Cal Poly

College Football: Shoulder injury may sideline Cal Poly’s Broadous

Pretty much, all the home crowd at Alex G. Spanos Stadium has ever seen Andre Broadous do is stretch his legs on the sideline.

And after five weeks of road games in which the sophomore quarterback worked his way to the top of the Cal Poly football depth chart, Broadous might go back to being a non-game attraction when the No. 23 Mustangs (4-3, 0-1 Great West Conference) finally play in San Luis Obispo again today.

Broadous was sacked hard in Cal Poly’s final play from scrimmage in a 20-7 loss at Southern Utah last week, had to be helped up by teammates afterward and had his throwing shoulder wrapped in ice during postgame interviews.

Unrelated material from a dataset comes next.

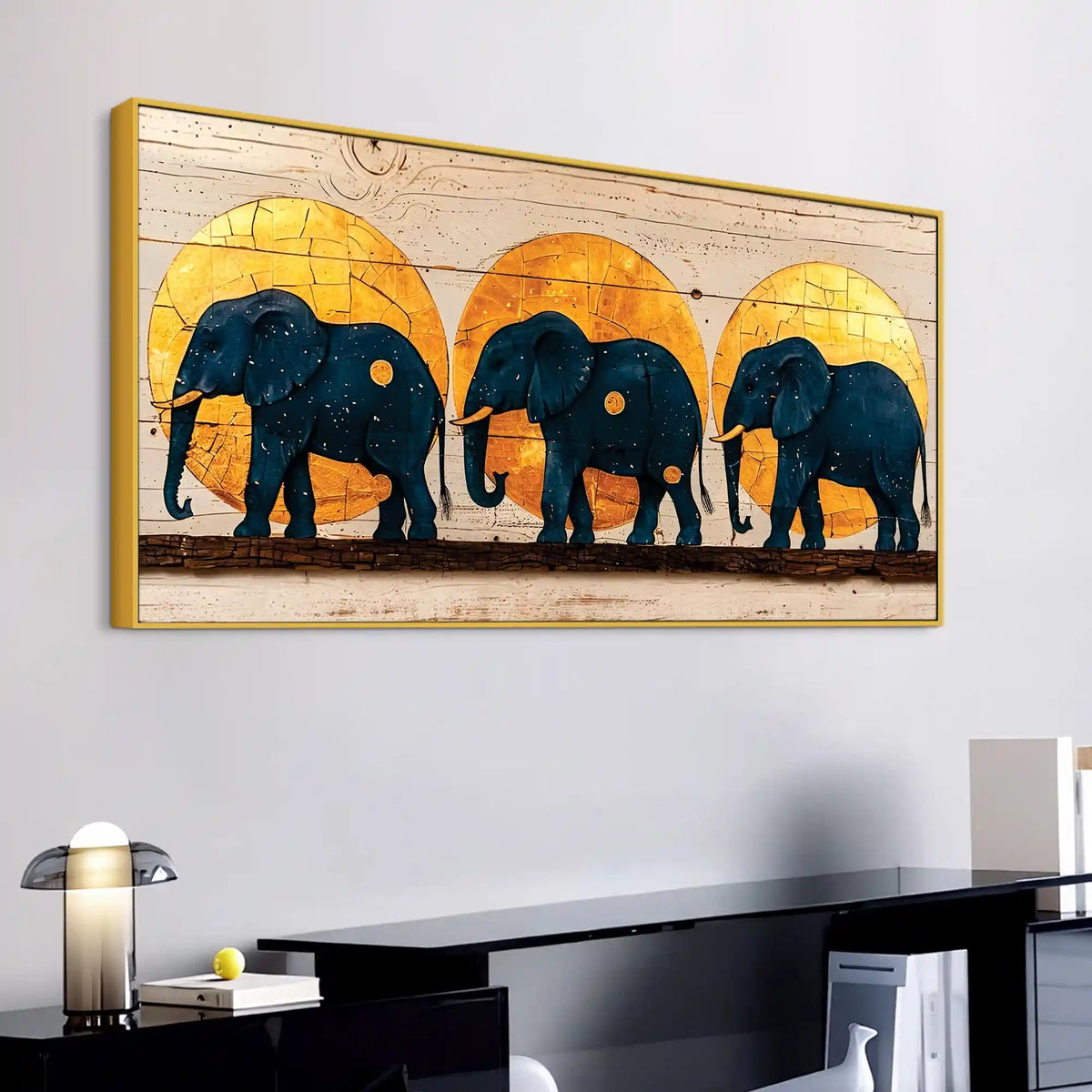 Contemporary Elephant Family Canvas Wall Painting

The joint remains painful, and Mustangs coach Tim Walsh said the starting quarterback will be a game-time decision against North Dakota (2-4, 0-2 Great West).

Depending on how Broadous feels while throwing the ball in pregame warmups, Tony Smith could start his first game in six weeks.

“We’re not going to play him just because he’s Andre Broadous,” Walsh said. “If he’s only 75 or 80 percent, he’s not Andre Broadous. If he was the quarterback who was head and shoulders beyond everyone we had, it would be different.”

After an offseason position battle, Smith began the season as the starter when Broadous went down with an ankle injury in a preseason scrimmage.

Smith, a fifth-year senior who started every game in 2009, subsequently suffered head and neck injuries in the first two games, and when it appeared coaches would turn to a backup, Broadous was seen on the sideline stretching and testing his ankle.

It was all a mirage. Third-stringer Doug Shumway got the call, playing the last two drives against Humboldt State in the season opener and leading Cal Poly to an upset the following week over then-No. 1 Montana, who the Mustangs had never beaten in the regular season.

Two weeks into the three-game road swing, Broadous was finally healthy and helped lead the Mustangs to wins at McNeese State and Old Dominion, providing an upgraded running threat under center in the Mustangs’ triple-option offense.

Since taking over, Broadous has claimed ownership of the position. In his past three games against Football Championship Subdivison opponents, he averaged 163 passing yards and 64 rushing yards per game.

He’s completed 64 percent of his passes and has a 4-0 touchdown-to-interception ratio.

Smith, who Walsh said took the majority of the snaps in practice this week, has one passing touchdown, one interception and has completed 50 percent of his passes in limited action for an 86.6 efficiency rating this season.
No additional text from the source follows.